» **Exercise goal**:
If a line in the material below holds the string "design", tally it, then give the tally alone.

» **Records provided**:
____________

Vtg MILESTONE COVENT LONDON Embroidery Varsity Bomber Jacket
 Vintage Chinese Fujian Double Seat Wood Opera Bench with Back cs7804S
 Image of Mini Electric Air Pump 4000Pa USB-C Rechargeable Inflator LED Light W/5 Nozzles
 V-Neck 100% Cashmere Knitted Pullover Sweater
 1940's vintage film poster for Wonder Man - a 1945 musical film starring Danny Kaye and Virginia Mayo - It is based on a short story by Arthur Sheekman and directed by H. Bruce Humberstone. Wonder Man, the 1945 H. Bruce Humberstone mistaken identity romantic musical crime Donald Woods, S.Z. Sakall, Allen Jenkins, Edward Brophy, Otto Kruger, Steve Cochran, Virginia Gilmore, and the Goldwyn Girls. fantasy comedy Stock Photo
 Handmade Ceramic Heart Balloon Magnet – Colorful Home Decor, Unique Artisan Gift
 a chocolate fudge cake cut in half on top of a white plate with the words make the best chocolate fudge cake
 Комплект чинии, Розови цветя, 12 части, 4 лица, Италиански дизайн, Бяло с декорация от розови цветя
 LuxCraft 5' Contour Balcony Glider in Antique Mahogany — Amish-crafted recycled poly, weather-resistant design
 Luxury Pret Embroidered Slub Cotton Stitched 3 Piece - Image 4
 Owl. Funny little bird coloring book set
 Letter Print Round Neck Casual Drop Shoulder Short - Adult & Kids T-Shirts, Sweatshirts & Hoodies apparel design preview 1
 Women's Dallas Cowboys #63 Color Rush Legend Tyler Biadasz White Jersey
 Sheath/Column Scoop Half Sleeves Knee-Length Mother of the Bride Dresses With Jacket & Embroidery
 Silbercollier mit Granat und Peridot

____________

» **Result for this task**:
2